━━━ Available data ━━━

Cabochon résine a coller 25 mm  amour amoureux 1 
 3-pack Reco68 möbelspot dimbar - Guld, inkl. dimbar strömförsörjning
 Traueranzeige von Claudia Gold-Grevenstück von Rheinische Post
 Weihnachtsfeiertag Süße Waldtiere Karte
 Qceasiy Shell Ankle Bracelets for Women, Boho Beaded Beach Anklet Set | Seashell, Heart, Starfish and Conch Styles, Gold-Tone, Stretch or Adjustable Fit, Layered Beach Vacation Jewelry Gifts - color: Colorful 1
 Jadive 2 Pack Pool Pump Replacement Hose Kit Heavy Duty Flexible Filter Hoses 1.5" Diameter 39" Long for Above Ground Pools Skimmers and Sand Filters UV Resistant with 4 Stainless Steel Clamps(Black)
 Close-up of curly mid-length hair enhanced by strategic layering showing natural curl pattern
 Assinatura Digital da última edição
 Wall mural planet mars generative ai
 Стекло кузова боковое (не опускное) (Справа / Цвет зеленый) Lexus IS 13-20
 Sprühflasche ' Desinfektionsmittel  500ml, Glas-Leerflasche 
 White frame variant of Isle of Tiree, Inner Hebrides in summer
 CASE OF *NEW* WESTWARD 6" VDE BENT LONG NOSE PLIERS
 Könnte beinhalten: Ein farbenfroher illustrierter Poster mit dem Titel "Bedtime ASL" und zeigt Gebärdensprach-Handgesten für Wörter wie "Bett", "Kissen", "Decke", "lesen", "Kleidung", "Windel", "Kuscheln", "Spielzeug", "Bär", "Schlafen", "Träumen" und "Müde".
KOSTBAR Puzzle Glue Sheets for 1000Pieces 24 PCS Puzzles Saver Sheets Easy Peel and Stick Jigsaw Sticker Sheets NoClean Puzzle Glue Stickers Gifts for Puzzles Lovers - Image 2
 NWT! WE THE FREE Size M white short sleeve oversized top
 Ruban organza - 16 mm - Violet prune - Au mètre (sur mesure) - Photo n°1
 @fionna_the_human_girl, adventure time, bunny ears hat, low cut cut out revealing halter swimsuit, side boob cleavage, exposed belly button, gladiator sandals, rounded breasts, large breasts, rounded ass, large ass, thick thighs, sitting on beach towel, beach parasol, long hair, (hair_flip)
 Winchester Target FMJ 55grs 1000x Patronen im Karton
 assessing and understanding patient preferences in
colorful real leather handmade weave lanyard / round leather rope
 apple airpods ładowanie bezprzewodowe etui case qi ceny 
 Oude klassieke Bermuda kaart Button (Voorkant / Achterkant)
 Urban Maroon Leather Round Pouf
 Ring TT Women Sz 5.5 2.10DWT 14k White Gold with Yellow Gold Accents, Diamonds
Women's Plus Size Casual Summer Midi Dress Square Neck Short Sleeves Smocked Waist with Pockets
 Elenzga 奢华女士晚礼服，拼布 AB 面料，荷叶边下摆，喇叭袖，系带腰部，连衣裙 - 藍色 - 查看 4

━━━

Please return all of the entries exactly as they were given.

Cabochon résine a coller 25 mm  amour amoureux 1 
 3-pack Reco68 möbelspot dimbar - Guld, inkl. dimbar strömförsörjning
 Traueranzeige von Claudia Gold-Grevenstück von Rheinische Post
 Weihnachtsfeiertag Süße Waldtiere Karte
 Qceasiy Shell Ankle Bracelets for Women, Boho Beaded Beach Anklet Set | Seashell, Heart, Starfish and Conch Styles, Gold-Tone, Stretch or Adjustable Fit, Layered Beach Vacation Jewelry Gifts - color: Colorful 1
 Jadive 2 Pack Pool Pump Replacement Hose Kit Heavy Duty Flexible Filter Hoses 1.5" Diameter 39" Long for Above Ground Pools Skimmers and Sand Filters UV Resistant with 4 Stainless Steel Clamps(Black)
 Close-up of curly mid-length hair enhanced by strategic layering showing natural curl pattern
 Assinatura Digital da última edição
 Wall mural planet mars generative ai
 Стекло кузова боковое (не опускное) (Справа / Цвет зеленый) Lexus IS 13-20
 Sprühflasche ' Desinfektionsmittel  500ml, Glas-Leerflasche 
 White frame variant of Isle of Tiree, Inner Hebrides in summer
 CASE OF *NEW* WESTWARD 6" VDE BENT LONG NOSE PLIERS
 Könnte beinhalten: Ein farbenfroher illustrierter Poster mit dem Titel "Bedtime ASL" und zeigt Gebärdensprach-Handgesten für Wörter wie "Bett", "Kissen", "Decke", "lesen", "Kleidung", "Windel", "Kuscheln", "Spielzeug", "Bär", "Schlafen", "Träumen" und "Müde".
KOSTBAR Puzzle Glue Sheets for 1000Pieces 24 PCS Puzzles Saver Sheets Easy Peel and Stick Jigsaw Sticker Sheets NoClean Puzzle Glue Stickers Gifts for Puzzles Lovers - Image 2
 NWT! WE THE FREE Size M white short sleeve oversized top
 Ruban organza - 16 mm - Violet prune - Au mètre (sur mesure) - Photo n°1
 @fionna_the_human_girl, adventure time, bunny ears hat, low cut cut out revealing halter swimsuit, side boob cleavage, exposed belly button, gladiator sandals, rounded breasts, large breasts, rounded ass, large ass, thick thighs, sitting on beach towel, beach parasol, long hair, (hair_flip)
 Winchester Target FMJ 55grs 1000x Patronen im Karton
 assessing and understanding patient preferences in
colorful real leather handmade weave lanyard / round leather rope
 apple airpods ładowanie bezprzewodowe etui case qi ceny 
 Oude klassieke Bermuda kaart Button (Voorkant / Achterkant)
 Urban Maroon Leather Round Pouf
 Ring TT Women Sz 5.5 2.10DWT 14k White Gold with Yellow Gold Accents, Diamonds
Women's Plus Size Casual Summer Midi Dress Square Neck Short Sleeves Smocked Waist with Pockets
 Elenzga 奢华女士晚礼服，拼布 AB 面料，荷叶边下摆，喇叭袖，系带腰部，连衣裙 - 藍色 - 查看 4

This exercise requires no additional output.